The Paul M. Hebert Law Center this month received the largest institutional gift in its history, a $250,000 endowed professorship.
Preis & Roy, PLC law firm of Lafayette, New Orleans and Houston, made the investment toward the director of Advocacy and Professional Practice.
The gift will pay part of professor Jeffrey Brooks’ salary, said Law Center Chancellor Jack Weiss. The money the law school would have spent on his salary will now go to support the center’s 27 Trial Advocacy and Moot Court teams and externship programs, where students can work for credit.
“[Advocacy and Professional Practice] is the program that large numbers of our students look to, to prepare them for the real world of making appellate arguments and trying cases,” Weiss said. “We’ve had a long tradition here of being successful at most competitions.”
Weiss said the donation will help support students’ programs, which will essentially prepare them for their careers.

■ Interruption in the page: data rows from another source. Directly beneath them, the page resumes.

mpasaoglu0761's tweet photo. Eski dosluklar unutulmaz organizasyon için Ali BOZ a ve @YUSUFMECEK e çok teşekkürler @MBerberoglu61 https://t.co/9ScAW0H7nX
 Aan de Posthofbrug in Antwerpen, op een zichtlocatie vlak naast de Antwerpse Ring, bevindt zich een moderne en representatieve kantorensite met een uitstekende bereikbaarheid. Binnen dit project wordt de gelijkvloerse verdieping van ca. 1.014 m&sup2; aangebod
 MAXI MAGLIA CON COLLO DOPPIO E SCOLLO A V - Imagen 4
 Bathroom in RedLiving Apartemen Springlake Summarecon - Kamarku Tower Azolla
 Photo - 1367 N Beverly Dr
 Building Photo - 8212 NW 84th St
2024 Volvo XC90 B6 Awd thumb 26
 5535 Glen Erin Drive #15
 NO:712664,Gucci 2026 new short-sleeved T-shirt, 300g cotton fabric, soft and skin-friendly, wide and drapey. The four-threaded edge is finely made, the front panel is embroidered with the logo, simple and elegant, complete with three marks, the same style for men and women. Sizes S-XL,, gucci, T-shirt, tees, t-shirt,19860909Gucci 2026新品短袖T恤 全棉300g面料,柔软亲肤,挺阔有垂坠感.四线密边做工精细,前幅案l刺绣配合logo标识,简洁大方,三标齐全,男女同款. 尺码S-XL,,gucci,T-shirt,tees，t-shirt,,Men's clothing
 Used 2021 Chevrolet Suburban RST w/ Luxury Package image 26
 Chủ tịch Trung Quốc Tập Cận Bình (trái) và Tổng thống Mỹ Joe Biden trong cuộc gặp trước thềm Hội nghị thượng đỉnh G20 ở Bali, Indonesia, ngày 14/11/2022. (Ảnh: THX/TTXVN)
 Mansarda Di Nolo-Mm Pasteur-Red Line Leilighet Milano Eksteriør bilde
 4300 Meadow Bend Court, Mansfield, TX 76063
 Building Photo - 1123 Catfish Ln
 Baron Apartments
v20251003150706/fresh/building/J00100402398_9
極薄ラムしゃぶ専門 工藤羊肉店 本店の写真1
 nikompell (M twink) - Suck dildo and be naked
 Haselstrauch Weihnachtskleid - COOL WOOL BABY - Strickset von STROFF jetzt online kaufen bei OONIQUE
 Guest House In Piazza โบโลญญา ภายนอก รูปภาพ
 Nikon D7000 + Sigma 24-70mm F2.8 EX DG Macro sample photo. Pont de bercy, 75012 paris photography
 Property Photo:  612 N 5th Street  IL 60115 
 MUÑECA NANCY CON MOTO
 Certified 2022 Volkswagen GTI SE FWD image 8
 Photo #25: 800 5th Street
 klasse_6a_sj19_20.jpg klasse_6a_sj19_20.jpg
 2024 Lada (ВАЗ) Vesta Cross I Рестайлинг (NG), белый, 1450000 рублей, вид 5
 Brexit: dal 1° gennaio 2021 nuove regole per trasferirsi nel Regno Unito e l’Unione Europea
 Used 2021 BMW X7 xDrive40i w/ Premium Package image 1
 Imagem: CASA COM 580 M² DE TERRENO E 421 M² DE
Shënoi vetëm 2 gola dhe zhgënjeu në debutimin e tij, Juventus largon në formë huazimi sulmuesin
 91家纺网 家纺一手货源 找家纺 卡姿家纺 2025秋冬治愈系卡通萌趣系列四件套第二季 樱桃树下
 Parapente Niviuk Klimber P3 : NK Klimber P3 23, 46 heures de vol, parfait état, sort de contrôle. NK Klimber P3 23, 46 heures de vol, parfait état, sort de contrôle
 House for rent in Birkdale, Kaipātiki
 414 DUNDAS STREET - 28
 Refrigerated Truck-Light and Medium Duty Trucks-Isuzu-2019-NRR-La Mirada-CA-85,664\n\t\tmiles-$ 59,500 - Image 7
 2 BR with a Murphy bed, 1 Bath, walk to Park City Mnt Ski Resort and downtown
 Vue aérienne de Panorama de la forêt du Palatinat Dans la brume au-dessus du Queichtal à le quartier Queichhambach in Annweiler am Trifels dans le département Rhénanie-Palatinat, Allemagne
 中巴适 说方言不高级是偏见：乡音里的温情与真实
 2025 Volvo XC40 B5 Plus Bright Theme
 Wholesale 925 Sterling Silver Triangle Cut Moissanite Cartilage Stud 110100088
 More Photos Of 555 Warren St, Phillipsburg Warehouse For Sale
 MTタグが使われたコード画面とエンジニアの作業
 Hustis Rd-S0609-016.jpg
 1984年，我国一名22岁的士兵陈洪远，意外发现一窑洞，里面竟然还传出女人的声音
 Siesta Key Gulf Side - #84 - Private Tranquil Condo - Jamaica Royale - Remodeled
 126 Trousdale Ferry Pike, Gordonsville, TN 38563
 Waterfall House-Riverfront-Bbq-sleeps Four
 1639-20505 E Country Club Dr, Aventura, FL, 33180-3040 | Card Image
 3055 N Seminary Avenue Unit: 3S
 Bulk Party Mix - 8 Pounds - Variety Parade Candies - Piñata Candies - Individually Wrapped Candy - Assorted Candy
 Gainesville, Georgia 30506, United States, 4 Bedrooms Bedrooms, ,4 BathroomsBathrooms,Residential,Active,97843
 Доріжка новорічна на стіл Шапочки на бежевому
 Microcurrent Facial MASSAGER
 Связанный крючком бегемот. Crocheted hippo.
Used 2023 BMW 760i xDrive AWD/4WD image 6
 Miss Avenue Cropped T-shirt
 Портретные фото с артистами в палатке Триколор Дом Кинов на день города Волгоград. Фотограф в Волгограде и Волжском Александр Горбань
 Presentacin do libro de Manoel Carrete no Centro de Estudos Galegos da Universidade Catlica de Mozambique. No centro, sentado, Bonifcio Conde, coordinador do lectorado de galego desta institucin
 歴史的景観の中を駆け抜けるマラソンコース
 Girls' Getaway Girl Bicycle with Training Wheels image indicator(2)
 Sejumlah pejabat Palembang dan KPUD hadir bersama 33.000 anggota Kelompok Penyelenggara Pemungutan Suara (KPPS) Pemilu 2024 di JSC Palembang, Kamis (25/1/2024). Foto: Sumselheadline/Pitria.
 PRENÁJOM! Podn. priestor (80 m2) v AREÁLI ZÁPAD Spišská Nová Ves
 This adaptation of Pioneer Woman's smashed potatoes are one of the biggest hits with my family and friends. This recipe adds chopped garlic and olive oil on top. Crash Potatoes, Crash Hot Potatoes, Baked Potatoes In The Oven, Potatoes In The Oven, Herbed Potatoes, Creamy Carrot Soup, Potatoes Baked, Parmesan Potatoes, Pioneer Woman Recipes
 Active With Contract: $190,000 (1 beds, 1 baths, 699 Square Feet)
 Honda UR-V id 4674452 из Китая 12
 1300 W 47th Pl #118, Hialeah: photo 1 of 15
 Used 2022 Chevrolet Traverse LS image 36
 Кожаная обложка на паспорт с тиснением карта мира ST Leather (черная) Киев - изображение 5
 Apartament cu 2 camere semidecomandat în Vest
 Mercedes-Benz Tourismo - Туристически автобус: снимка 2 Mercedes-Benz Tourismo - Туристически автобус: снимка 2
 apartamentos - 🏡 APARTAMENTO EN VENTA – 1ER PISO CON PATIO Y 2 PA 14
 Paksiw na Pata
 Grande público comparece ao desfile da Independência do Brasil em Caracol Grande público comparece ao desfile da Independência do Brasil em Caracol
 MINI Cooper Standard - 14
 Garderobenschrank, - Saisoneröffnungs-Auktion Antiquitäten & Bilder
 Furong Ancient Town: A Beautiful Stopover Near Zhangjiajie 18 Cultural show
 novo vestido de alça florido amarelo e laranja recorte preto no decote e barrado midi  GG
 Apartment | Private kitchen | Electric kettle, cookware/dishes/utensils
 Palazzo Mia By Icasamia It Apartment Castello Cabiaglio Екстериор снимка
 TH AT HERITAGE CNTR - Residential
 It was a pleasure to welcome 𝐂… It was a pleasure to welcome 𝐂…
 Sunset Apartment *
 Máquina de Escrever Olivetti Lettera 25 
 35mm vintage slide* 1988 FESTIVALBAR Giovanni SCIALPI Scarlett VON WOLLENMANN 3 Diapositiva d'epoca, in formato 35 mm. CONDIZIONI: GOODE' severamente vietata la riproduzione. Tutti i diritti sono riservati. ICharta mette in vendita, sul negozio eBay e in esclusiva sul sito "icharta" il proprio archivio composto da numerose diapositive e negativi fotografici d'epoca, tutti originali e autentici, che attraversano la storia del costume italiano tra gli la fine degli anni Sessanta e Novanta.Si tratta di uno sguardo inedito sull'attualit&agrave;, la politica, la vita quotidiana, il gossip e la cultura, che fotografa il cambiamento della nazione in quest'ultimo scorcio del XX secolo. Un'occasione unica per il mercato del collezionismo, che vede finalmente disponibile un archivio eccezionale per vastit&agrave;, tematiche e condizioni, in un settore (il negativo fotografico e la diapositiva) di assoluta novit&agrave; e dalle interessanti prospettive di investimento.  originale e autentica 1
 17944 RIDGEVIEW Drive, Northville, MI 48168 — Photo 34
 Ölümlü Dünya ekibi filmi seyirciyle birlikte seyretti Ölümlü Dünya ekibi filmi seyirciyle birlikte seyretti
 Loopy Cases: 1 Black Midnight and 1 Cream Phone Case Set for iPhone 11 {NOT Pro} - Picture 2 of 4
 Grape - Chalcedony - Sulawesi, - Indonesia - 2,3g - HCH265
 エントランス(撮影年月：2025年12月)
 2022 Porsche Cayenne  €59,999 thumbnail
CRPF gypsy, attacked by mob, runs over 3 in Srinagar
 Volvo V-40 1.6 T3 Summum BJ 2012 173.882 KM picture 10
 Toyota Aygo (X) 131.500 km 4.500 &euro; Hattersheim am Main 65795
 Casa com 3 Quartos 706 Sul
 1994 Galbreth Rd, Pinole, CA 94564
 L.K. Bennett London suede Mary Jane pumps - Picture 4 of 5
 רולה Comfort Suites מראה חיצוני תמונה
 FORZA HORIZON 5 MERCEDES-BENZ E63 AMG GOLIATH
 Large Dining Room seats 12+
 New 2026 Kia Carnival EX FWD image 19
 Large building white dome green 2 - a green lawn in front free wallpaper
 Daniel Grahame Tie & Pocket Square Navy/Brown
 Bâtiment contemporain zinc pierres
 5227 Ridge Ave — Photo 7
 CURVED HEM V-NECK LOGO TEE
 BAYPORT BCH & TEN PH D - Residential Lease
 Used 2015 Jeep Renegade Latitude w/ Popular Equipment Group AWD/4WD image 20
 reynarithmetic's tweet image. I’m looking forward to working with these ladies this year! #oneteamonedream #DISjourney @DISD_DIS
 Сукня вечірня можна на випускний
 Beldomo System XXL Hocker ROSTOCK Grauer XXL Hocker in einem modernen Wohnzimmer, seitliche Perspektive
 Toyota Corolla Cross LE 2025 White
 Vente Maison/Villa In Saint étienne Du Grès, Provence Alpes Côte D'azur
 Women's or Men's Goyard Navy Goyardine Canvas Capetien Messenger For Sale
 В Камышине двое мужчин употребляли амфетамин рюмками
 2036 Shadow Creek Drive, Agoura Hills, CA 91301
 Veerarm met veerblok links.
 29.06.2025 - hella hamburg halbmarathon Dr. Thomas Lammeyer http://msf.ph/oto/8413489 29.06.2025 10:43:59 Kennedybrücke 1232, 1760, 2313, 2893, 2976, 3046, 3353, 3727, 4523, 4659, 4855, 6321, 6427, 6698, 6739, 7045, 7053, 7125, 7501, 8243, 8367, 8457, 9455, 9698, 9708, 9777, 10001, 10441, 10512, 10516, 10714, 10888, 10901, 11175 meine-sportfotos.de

“These [programs] help our students hit the ground running when they graduate,” he said. “The income from the endowment is used to support the activities of the professor or the school program.”
Weiss said the Law Center especially appreciates this donation because it came from a firm and not a single donor.
“We are particularly grateful to the Preis & Roy firm because they stepped up to the plate,” he said. “They made an institutional gift at a point in time when we are very anxious to receive institutional gifts.”
Edwin Preis is a 1972 graduate of the LSU Law Center and Lane Roy is a Tulane University Law School alumnus. Of the firm’s 53 attorneys, 24 lawyers are LSU Law Center graduates.
“[Roy] said that although he was a graduate of Tulane Law School… he had no hesitation about making this gift because he feels very strongly that no law school in Louisiana has a greater impact in Louisiana than LSU Law,” Weiss said.